**How to complete this task**.
Within the records below, find the line with "24 frets Katsura body Ibanez style?" and the line with "Goatskin Quilted Medium Chanel 19 Flap White", then reproduce exactly those two lines and all lines between them, without any picture.

===== Extracted records =====

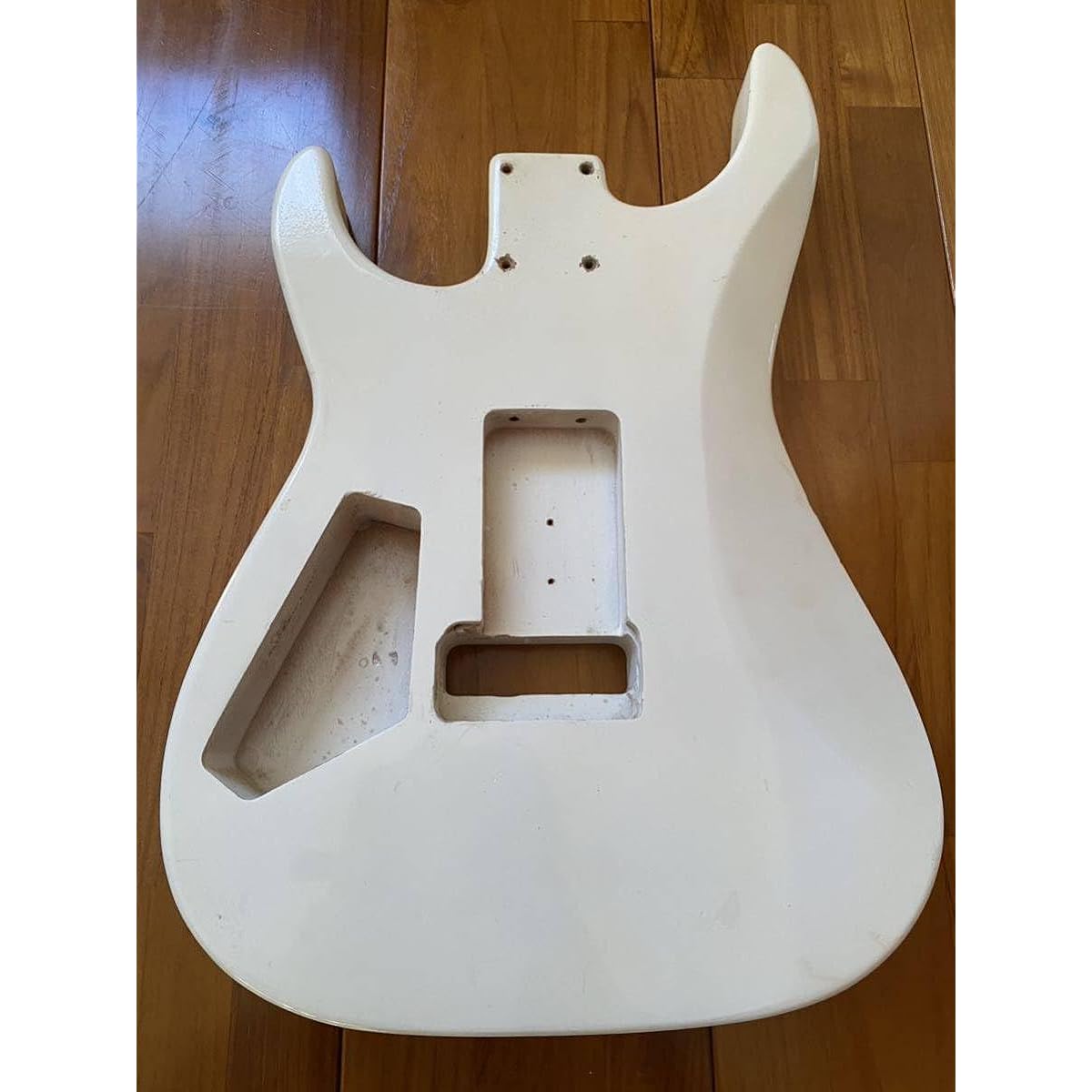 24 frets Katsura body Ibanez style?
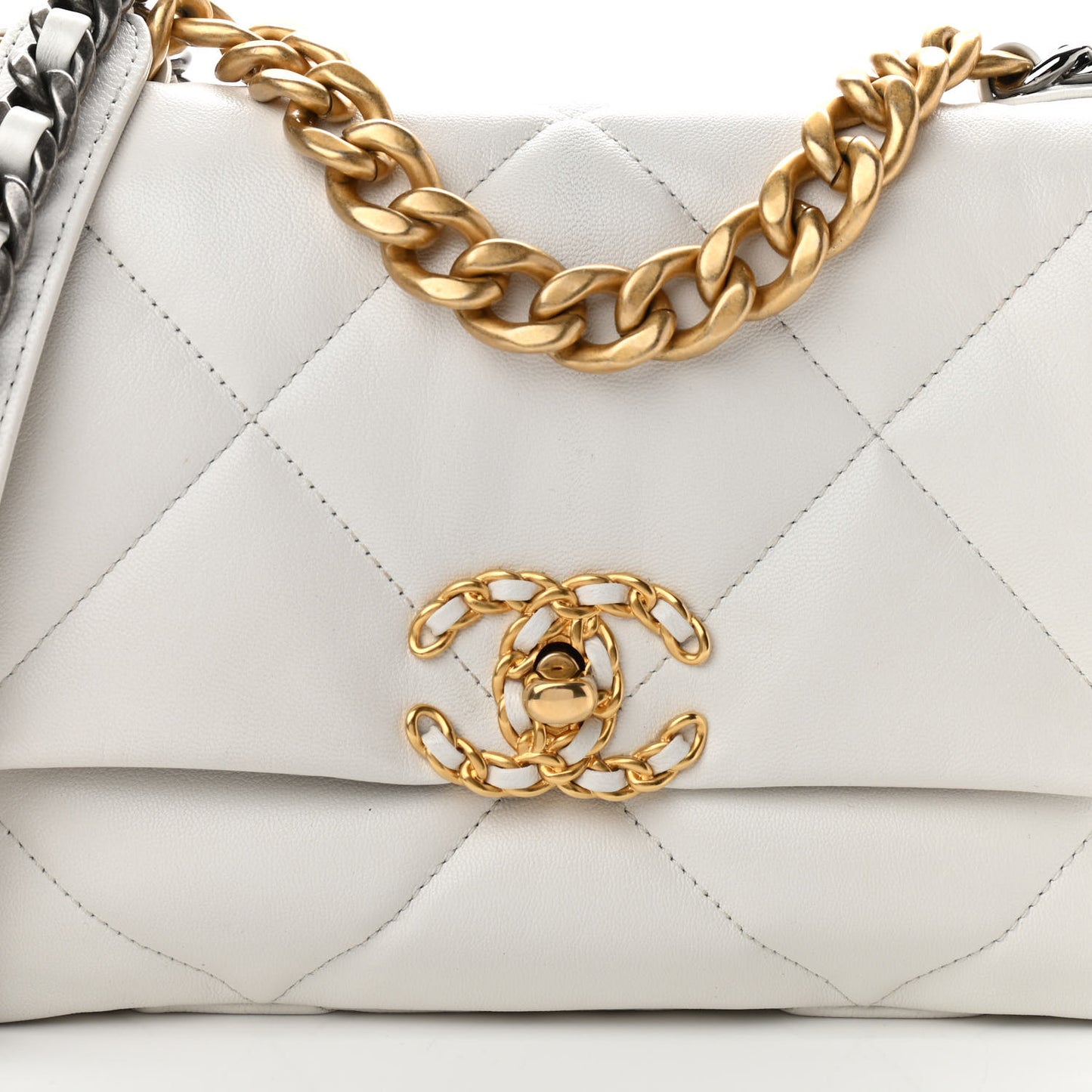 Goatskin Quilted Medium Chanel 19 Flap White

=====
===== Extracted records =====

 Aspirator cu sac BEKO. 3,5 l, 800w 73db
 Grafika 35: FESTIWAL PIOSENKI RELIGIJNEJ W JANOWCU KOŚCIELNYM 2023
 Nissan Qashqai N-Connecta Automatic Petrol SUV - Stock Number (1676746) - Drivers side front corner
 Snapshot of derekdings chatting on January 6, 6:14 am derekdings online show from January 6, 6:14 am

=====

**Task result**.
 24 frets Katsura body Ibanez style?
 Goatskin Quilted Medium Chanel 19 Flap White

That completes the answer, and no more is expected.